Gaidarov et al., U.S. Pat. No. 5,857,027, describes a loudspeaker that particularly comprises two-aperture radiator containing paired in-phase counter-radiating apertures and reproducing middle frequencies. Apertures face each other, and their geometrical axis F is positioned vertically, while the distance between apertures equals to at least the radius of aperture but does not exceed the wavelength of the lowest frequency reproduced by paired apertures.

Nakamura, U.S. Pat. No. 5,590,214, describes the efficiency of a vertical array speaker device that is raised to obtain an adequate level of sound and to confine the horizontal radiation of the listening area of a surround sound system. A pair of baffle boards are mounted to a vertical array with small diameter speakers, in symmetrical opposition, the boards are attached together at their rear edges while the front edges are held open a predetermined width.

LaCarrubba, U.S. Pat. No. 6,068,080, describes an apparatus for the redistribution of acoustic energy which comprises a lens having a reflective surface defined by the surface of revolution R1 of an elliptical arc A1 rotated about a line L through an angle .alpha.1 and the surface of revolution R2 of an elliptical arc A2 rotated about the line L through an angle .alpha.2. Each elliptical arc A1 and A2 constitutes a portion of an ellipse E1 or E2 having a focal point located at a point F1 on line L, and shares an end point P which lies on the reflective surface and the line L. The angle .alpha.1 is chosen such that the surface of revolution R1 is convex with respect to an adjoining surface S1 and the angle .alpha.2 is chosen such that the surface of revolution R2 is concave with respect to the adjoining surface S1.

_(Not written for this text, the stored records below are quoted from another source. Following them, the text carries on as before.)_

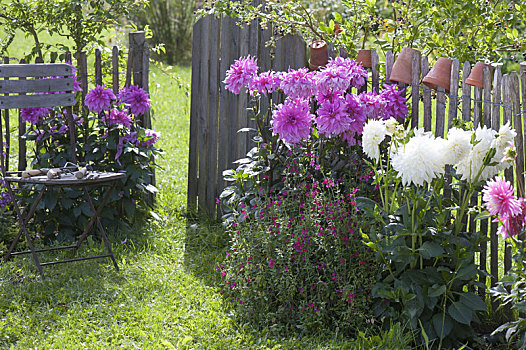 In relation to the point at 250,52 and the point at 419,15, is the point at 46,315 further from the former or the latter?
the point at 419,15

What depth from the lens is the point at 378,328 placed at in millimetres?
3518

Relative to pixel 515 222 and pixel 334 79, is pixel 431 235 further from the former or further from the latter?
pixel 334 79

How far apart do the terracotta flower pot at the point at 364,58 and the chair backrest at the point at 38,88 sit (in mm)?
2040

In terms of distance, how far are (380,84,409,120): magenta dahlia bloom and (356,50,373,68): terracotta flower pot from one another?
312 millimetres

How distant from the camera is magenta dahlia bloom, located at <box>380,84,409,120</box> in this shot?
12.6 feet

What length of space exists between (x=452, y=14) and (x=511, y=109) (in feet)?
3.61

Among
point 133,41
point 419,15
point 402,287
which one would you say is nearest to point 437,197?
point 402,287

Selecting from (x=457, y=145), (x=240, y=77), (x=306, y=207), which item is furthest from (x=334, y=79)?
(x=457, y=145)

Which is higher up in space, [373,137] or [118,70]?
[118,70]

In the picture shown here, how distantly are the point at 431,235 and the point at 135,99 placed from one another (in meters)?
2.62

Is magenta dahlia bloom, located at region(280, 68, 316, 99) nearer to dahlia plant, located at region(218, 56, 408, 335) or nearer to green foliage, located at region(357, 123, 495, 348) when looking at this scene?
dahlia plant, located at region(218, 56, 408, 335)

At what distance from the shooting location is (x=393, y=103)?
385 cm

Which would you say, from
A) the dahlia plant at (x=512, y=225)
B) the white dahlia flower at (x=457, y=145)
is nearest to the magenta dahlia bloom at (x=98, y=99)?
the white dahlia flower at (x=457, y=145)

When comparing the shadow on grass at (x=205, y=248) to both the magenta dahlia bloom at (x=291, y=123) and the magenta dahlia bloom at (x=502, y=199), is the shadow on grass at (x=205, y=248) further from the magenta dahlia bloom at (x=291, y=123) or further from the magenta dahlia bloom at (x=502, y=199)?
the magenta dahlia bloom at (x=502, y=199) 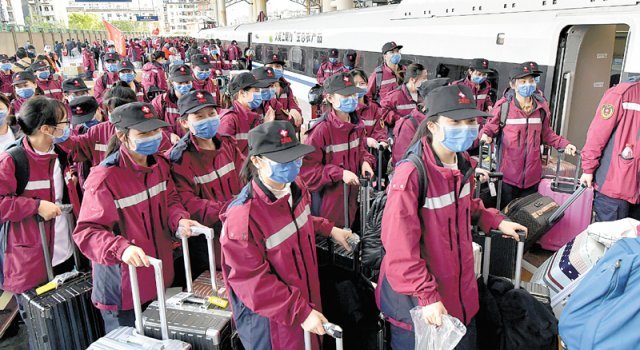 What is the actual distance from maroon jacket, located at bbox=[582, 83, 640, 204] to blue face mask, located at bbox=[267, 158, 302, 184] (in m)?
2.63

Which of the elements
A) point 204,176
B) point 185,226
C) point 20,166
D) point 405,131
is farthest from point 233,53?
point 185,226

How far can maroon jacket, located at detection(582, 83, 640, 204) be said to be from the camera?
3477 mm

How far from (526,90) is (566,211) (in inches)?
43.3

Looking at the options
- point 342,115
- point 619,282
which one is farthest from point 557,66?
point 619,282

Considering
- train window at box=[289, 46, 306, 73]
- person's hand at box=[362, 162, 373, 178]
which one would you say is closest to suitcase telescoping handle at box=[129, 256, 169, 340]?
person's hand at box=[362, 162, 373, 178]

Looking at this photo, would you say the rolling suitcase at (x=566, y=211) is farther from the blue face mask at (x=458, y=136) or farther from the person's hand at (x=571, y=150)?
the blue face mask at (x=458, y=136)

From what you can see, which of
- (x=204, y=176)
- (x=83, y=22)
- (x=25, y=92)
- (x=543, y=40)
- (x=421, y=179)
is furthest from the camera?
(x=83, y=22)

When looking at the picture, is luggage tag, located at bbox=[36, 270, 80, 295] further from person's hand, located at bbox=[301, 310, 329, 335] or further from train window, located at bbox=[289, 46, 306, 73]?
train window, located at bbox=[289, 46, 306, 73]

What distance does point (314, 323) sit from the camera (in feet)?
6.28

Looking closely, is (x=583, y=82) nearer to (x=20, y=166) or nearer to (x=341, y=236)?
(x=341, y=236)

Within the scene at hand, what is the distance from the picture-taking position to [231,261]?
6.40ft

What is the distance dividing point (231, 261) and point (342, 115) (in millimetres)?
2150

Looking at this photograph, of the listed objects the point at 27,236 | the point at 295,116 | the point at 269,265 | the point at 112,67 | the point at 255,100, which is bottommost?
the point at 27,236

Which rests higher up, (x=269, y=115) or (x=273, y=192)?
(x=273, y=192) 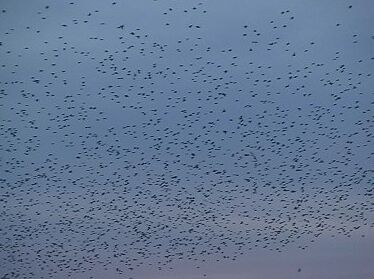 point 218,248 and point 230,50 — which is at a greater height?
point 230,50

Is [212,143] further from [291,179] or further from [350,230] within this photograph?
[350,230]

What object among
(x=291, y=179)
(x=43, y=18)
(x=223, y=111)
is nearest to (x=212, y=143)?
(x=223, y=111)

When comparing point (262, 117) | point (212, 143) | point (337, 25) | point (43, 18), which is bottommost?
point (43, 18)

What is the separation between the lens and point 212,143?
59.4 ft

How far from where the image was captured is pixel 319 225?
794 inches

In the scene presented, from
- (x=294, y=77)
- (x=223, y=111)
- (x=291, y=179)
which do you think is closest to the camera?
(x=294, y=77)

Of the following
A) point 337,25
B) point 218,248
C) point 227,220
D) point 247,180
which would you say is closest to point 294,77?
point 337,25

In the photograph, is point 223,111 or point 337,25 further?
point 223,111

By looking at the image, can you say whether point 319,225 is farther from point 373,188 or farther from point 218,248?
point 218,248

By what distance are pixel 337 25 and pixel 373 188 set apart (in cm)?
716

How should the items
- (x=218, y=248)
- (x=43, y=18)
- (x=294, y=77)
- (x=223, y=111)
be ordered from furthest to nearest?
(x=218, y=248) → (x=223, y=111) → (x=294, y=77) → (x=43, y=18)

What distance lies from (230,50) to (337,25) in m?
3.16

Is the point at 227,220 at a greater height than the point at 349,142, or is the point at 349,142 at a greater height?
the point at 349,142

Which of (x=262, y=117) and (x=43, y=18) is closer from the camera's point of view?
(x=43, y=18) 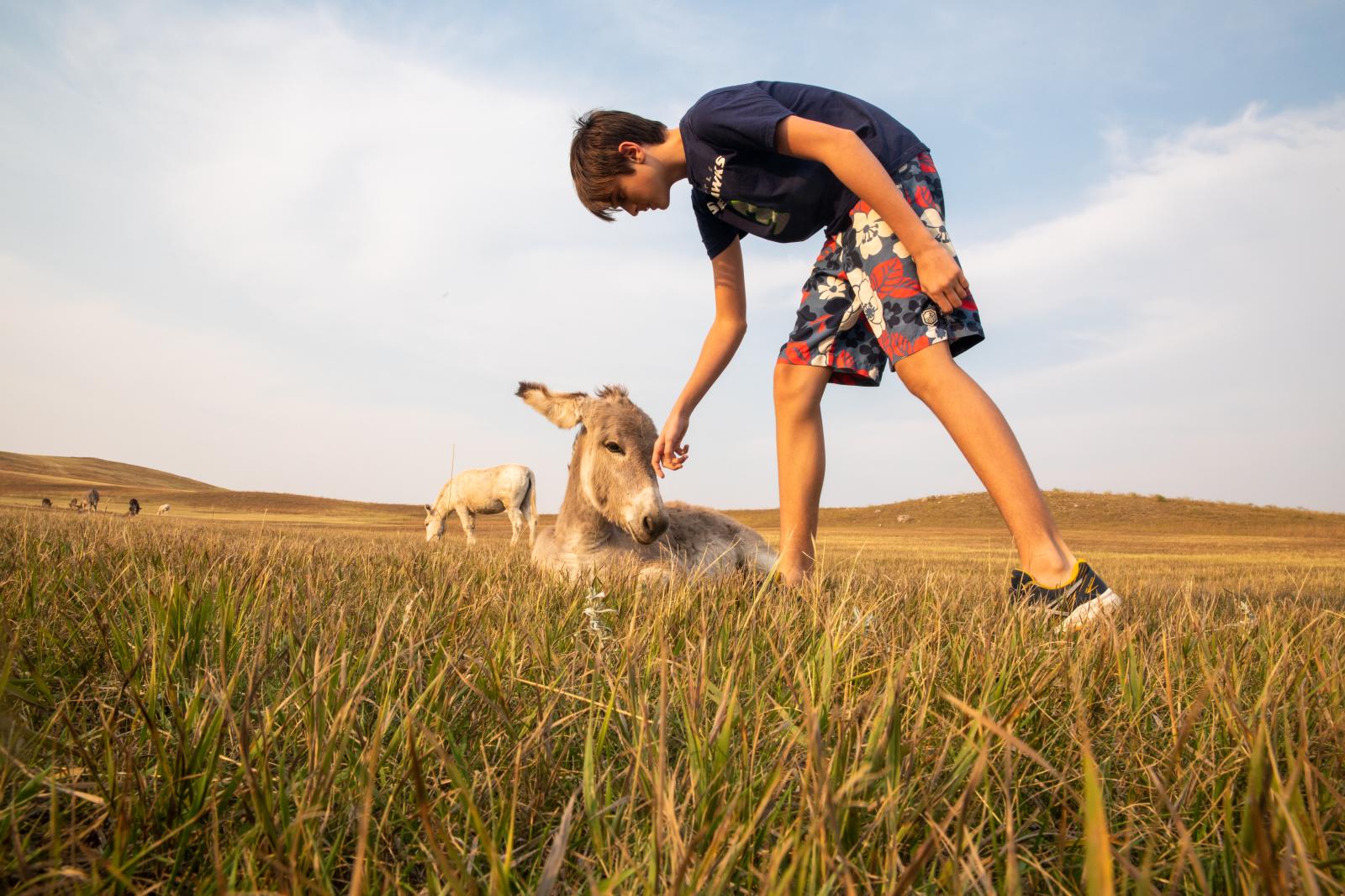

Rocha, U.S. Pat. No. 6,118,883, describes an improved loudspeaker system that increases low frequency directivity and minimizes directivity discontinuities during frequency transitions, includes a first low frequency transducer, a second low frequency transducer, a middle frequency transducer assembly, and a middle frequency horn assembly having a small input aperture and a large output aperture. The middle frequency transducer assembly is attached at the small aperture of the horn assembly and directs a middle frequency acoustical signal into the horn assembly. The low frequency transducers and are mounted to opposite interior surfaces, preferably the top and bottom surfaces, of the horn assembly, and direct a low frequency acoustical signal into the horn assembly. A composite acoustical signal directed out of the horn assembly from the large aperture. The distance D.sub.1, measured from the upper transducer voice coil to the lower transducer voice coil, is substantially equal to 0.9048 of the distance D.sub.2, measured from the bottom edge of the output aperture to the top edge of the output aperture. Such a relationship between D1 and D2 results in a smooth transition and a substantially continuous acoustical beam width in the composite acoustic signal within low frequency to middle frequency crossover band.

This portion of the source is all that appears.